In John Kotter’s famous theory of change, he posits that to create change, we need to continuously generate short-term wins to justify our efforts and motivate continued success.6 But when it comes to EIPM, are short-term wins enough? Or do we want to strive first and foremost to create EIPM in our most difficult, pressing issues?

Despite the impulse to push for evidence in all areas of health policy, it is prudent to consider that not all health issues are equally urgent, and not all policies are equally essential.

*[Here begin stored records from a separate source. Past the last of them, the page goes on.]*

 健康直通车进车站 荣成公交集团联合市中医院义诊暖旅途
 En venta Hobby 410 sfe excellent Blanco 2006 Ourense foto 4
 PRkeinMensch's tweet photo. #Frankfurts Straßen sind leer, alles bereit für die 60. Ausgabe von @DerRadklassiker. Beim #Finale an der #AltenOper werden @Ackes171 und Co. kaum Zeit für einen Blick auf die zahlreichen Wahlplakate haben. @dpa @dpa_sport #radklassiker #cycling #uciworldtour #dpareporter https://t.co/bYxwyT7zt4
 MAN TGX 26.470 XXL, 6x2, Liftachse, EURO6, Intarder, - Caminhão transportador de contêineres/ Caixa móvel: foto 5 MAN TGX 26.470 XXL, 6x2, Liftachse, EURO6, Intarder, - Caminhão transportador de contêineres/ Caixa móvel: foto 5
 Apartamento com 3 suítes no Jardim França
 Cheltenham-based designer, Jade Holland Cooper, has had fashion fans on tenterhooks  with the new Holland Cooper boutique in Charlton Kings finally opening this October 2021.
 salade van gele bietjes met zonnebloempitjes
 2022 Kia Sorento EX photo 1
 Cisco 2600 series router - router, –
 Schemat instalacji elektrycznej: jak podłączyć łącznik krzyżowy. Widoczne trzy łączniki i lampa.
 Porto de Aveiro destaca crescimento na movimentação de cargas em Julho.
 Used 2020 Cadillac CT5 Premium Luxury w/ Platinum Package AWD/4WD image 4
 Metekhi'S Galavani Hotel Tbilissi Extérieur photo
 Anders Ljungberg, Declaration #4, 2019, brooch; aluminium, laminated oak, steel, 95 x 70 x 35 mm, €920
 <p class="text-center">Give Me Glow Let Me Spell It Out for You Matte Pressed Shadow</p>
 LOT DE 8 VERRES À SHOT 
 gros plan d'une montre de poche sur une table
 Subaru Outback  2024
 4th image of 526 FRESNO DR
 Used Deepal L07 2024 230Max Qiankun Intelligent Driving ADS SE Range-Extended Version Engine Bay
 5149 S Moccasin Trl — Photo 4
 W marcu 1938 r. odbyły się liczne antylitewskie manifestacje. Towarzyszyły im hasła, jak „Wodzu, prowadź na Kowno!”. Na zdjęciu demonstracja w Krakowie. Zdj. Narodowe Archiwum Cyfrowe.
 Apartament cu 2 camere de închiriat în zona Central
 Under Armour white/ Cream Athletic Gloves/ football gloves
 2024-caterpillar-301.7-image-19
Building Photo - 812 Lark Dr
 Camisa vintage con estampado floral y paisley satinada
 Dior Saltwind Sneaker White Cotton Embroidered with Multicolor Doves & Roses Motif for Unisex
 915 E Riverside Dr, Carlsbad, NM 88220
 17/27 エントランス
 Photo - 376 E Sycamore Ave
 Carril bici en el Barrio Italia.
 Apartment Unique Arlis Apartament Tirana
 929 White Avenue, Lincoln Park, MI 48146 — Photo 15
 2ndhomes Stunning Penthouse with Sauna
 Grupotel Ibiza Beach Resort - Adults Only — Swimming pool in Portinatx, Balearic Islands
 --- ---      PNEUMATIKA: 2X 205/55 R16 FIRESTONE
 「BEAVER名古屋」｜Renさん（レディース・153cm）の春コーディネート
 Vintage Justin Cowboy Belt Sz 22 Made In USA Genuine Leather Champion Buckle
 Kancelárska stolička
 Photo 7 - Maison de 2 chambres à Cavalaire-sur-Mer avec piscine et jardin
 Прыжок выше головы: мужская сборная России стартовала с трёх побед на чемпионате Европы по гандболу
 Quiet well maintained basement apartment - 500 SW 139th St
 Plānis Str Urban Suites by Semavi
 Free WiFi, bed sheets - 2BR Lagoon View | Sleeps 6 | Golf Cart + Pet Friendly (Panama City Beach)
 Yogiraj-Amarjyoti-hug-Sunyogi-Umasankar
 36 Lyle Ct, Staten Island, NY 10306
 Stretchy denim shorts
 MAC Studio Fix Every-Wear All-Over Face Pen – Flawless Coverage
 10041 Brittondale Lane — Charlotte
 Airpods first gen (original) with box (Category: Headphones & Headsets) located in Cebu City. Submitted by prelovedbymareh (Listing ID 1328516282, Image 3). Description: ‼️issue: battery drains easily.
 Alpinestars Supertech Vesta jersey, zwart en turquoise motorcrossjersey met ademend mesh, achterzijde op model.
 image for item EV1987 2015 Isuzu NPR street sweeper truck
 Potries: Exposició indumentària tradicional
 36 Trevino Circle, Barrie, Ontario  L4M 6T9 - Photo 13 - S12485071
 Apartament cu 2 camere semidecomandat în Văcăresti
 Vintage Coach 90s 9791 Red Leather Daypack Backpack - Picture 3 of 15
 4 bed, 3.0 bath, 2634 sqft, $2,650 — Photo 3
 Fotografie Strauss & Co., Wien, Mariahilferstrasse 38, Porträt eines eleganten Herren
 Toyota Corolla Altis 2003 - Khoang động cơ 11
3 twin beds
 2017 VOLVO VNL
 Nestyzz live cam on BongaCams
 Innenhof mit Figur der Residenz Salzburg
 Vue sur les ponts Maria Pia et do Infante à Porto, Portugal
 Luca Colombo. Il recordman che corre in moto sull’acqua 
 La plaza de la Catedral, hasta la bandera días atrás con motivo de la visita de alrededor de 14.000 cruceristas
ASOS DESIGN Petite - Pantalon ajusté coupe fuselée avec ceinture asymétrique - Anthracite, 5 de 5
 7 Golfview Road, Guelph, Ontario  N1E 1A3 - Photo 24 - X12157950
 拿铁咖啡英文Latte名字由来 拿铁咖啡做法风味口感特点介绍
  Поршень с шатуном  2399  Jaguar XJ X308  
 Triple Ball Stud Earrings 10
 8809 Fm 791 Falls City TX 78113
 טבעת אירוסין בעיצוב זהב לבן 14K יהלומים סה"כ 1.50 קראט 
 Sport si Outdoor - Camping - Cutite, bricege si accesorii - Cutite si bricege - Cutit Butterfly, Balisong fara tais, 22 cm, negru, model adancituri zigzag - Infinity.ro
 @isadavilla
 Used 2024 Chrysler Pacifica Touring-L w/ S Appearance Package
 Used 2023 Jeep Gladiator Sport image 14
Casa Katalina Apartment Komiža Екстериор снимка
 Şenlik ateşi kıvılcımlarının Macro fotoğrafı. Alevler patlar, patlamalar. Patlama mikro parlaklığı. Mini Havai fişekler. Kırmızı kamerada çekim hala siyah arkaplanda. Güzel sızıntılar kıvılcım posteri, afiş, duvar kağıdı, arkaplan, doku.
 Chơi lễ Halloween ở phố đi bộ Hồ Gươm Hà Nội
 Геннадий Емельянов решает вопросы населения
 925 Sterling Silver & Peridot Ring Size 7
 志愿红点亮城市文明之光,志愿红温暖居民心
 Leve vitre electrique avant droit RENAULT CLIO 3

When encouraging the uptake of EIPM, we need to develop a gradient. While some health concerns would be nice to solve through evidence-informed policy, others are simply paramount. Family violence, mental health, and managing a pandemic (to name a few) are issues that pose significant threats to our personal health and the health of our communities. When it comes to developing and implementing policy that is informed by evidence, these are issues on which we cannot afford to compromise. But how exactly do we ensure that our EIPM expands past the “merely beneficial” to undertake these (and other) paramount issues?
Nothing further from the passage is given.